As marcas que o pigmento deixa no chão e nas obras criam a ilusão de sombras, de desenhos. “É um risco que se tem de correr. Acredito muito que as obras de arte operam ao nível da sedução, do desejo. É só uma questão de entrega, de comprometimento, de vulnerabilidade. Um abraço pode acabar com uma facada nas costas”. A propósito de ambivalência, as esculturas de André Romão têm uma relação peculiar com o minimalismo. Significam diante de um corpo, diante de uma presença humana; e a eventual ilusão pictórica que provocam não foi um efeito interdito ao próprio minimalismo. Mas não reivindicam o seu absolutismo da forma e da geometria austera, nem a unidade e a neutralidade que lhes estiveram associadas. Sugerem antes uma relação com um imaginário cultural e político, extravasam a narrativa contida no objeto. “Não acredito na autonomia dos objetos. Há [aqui] uma referência crítica ao minimalismo. Um ato de assumir o caráter narrativo e de projeção nos objetos Numa obra de arte tudo é uma projeção, os materiais, as dimensões. Evocam coisas, referem eventos”.

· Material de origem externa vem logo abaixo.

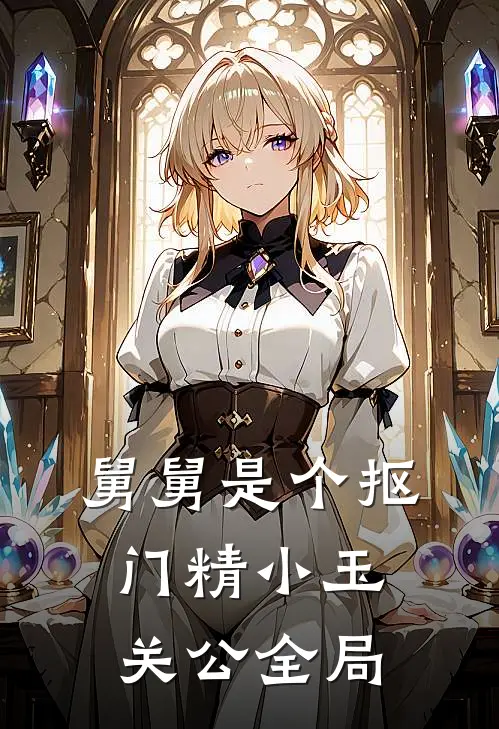 舅舅是个抠门精小玉关公全局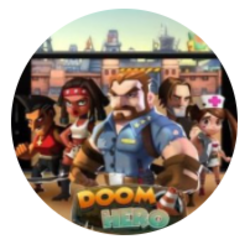 Doom Hero Game (DHG)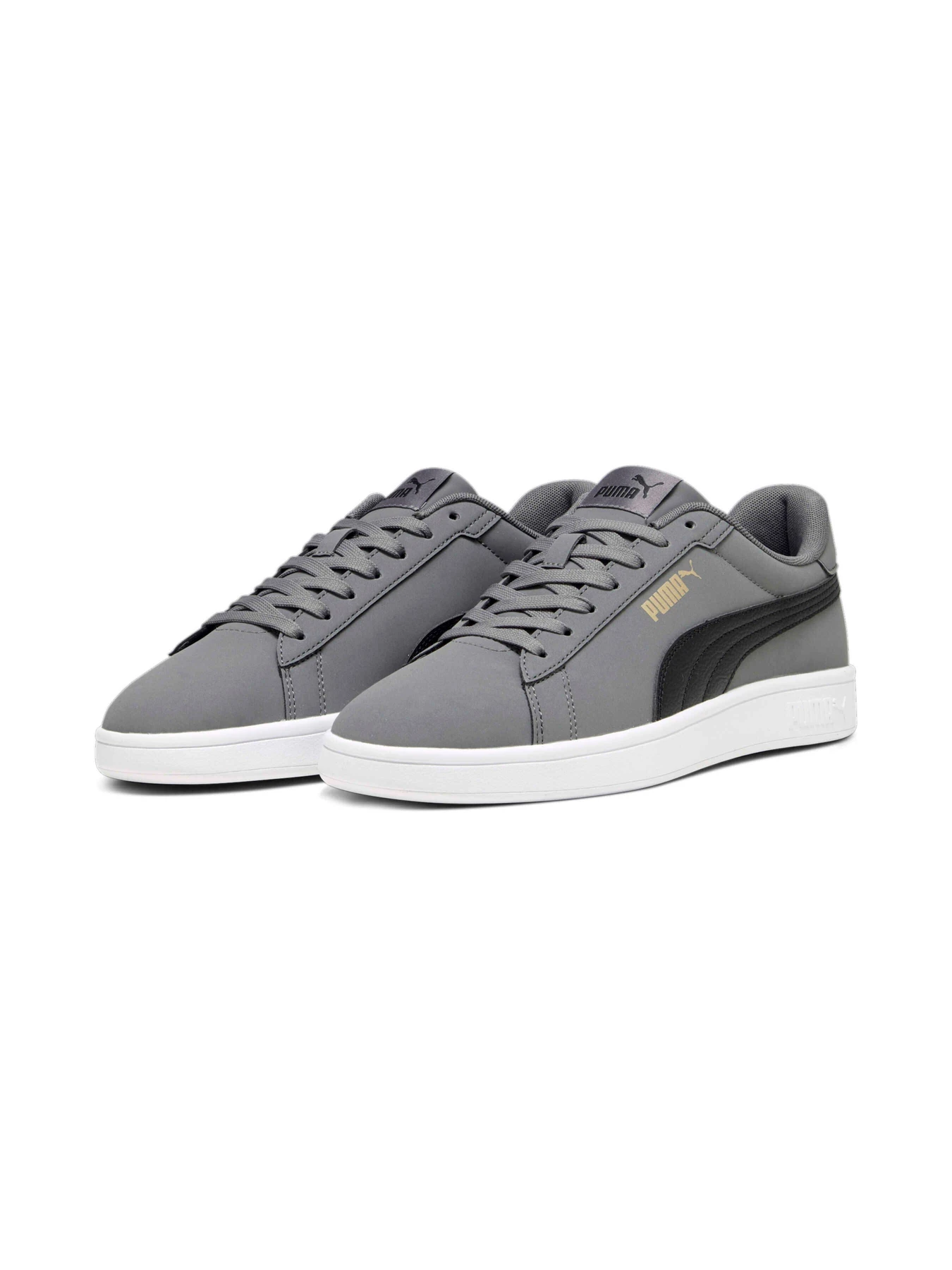 Кеды PUMA Smash 3.0 Buck модель 392336 Фото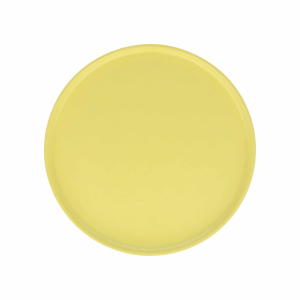 Small Round Eco Plates - Bright Mix|Meri Meri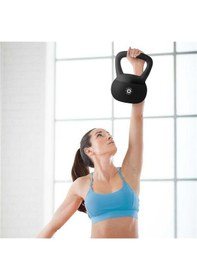 Resim Merrithew Health & Fitness Soft Kettlebells 15 Lb New St-06311 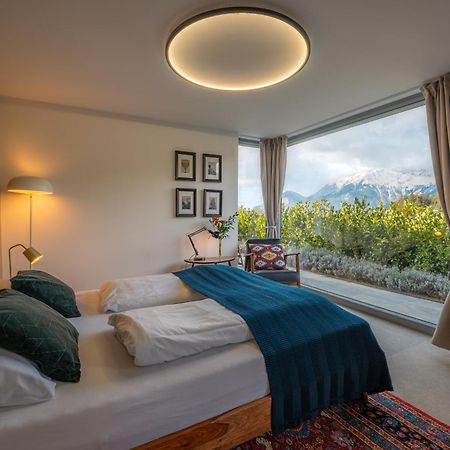Apartment Landkind Sistrans Dış mekan fotoğraf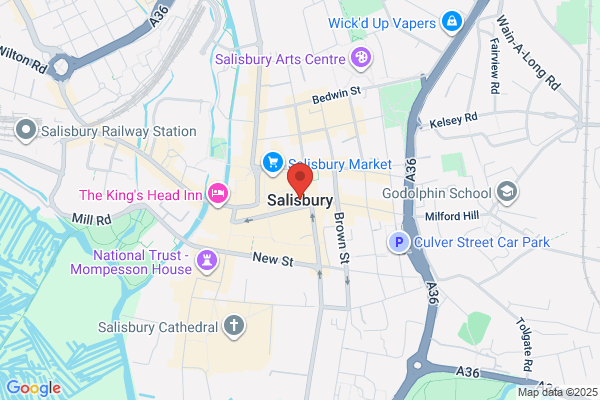 S & T Gardeners
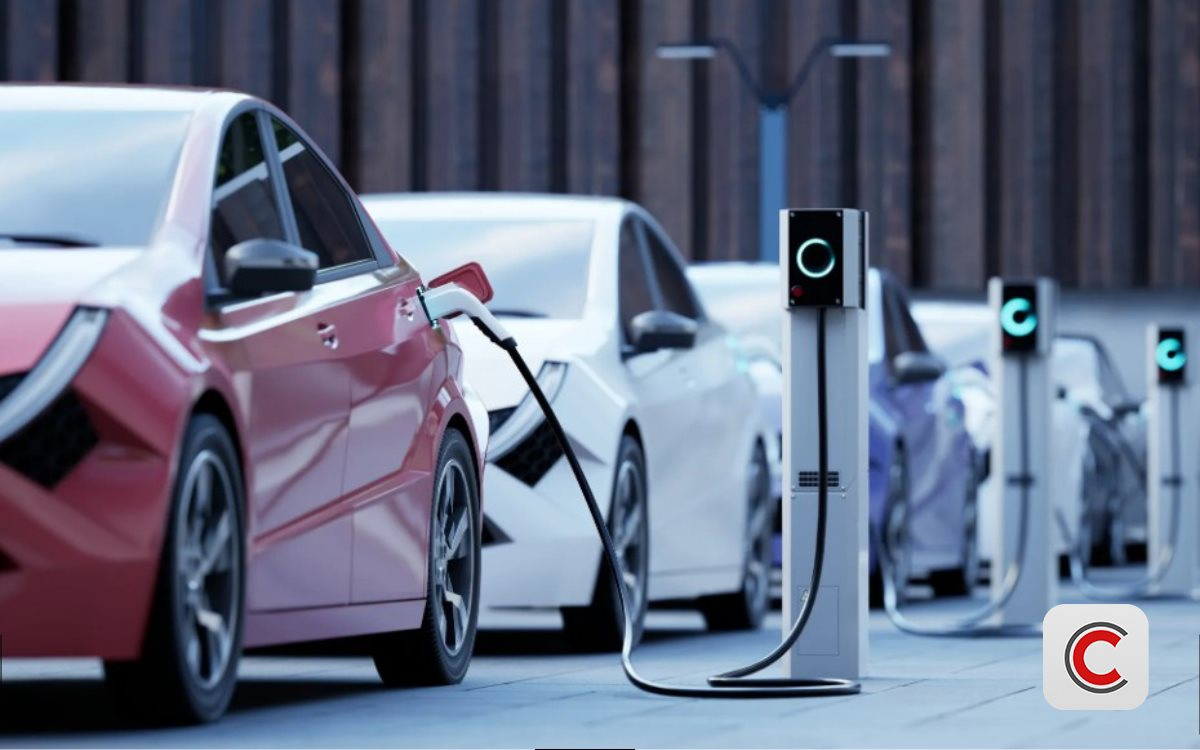 Mỹ gây áp lực lên IEA từ bỏ Net Zero: Tương lai xe xăng và xe điện thế nào? - Ảnh 1.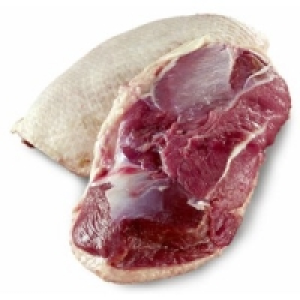 Barbarie-Entenbrustfilet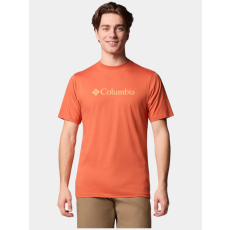 Columbia CSC Basic Logo Short Sleeve Shirt D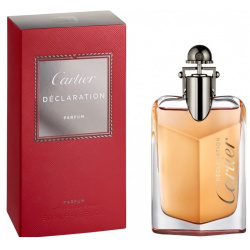 Declaration Parfum Cartier 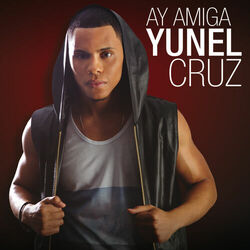 Cover of Ay Amiga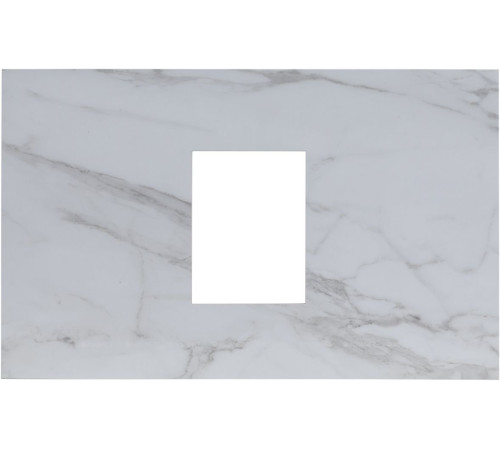 Столешница Allen Brau Priority 70 см мрамор 1.31009.M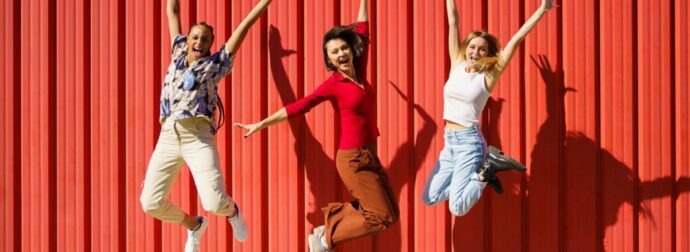 Αυτά τα ζώδια είναι γεμάτα αισιοδοξία και θετική ενέργεια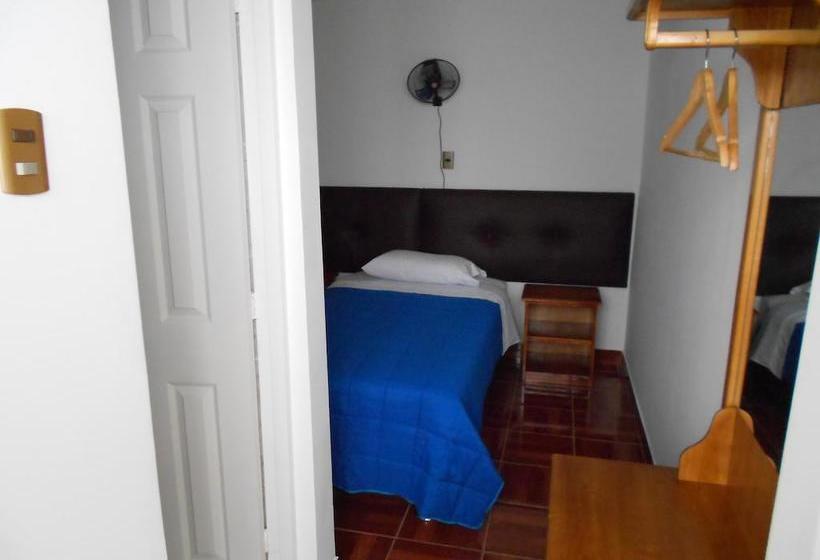 Hostal 1970 | Iquique | Tarapaca | Chile 10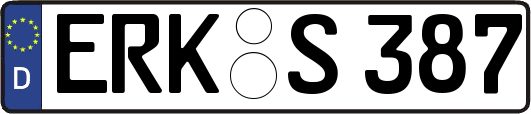 ERK-S387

As esculturas mimetizam as dimensões do corpo do artista. A sua altura, largura de ombros, altura da cintura, amplitude de braços. “São corpos no espaço, tornam-se atores numa peça. Uma escultura é um corpo, interessa-se saber como reage ao arremesso de um fino pó dourado, como os processos económicos, políticos e culturais se sentem nos ossos”. Impelido por semelhante interrogação, o ato de André Romão confronta-nos com a possibilidade da emancipação estética e participação política, inscrevendo-se, também ele, “na história da escultura que é a história da violência da substituição e da celebração”.